Nel comunicato stampa si definisce il genere suonato da NREC come una “electro-wave influenzata da Nine Inch Nails, Apparat, Sohn e Telefon Tel Aviv”; sono parzialmente d’accordo, nel senso che sicuramente l’elettronica è la matrice di questo lavoro ma non sempre è l’elemento dominante di un disco che definirei prevalentemente di buon rock. Manca, è vero, un certo suono grezzo, quello vero del rock più puro e sudato, ma un certo ritmo sostenuto, con tratti mainstream che acchiappano anche l’ascoltatore amante di toni più “leggeri”, lo collocano in un panorama che non è propriamente quello dell’elettronica pura. Penso soprattutto a brani come “Dust”, “Still” o “I don’t know where I’m” (suadente ballad old style, intensa e passionale).
Poi ci sono gli aspetti più electro ma, al di là di qualche sperimentazione un po’ più noise (“Fino in fondo”, “Emina – Utica”), l’incedere ricorda più approcci dance anni 80 (“Videdrome”, “It’s mine”) che non i Nine Inch Nails o Sohn (giusto per citare due dei riferimenti riportati nel documento di presentazione della band).

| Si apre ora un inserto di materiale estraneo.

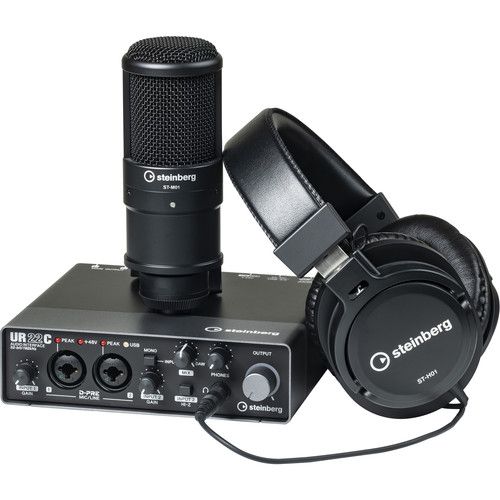  Steinberg UR22C Recording Pack with 2x2 USB Gen 3.1 Audio Interface, Headphones & Studio Mic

Se vivessimo ancora ai tempi del vinile, loderei senza dubbio il lato A (nel quale arbitrariamente inserisco i primi cinque brani) mentre sospenderei il giudizio sul lato B. Dato che viviamo nell’era facebookiana, sintetizzo il giudizio complessivo su “Signals” con un convinto Like, e cerco di convivere con la strana sensazione di ritrovarmi a saltellare proprio sui pezzi più Eighties, io che quel periodo l’ho sempre odiato… E forse questo vale più di mille Like.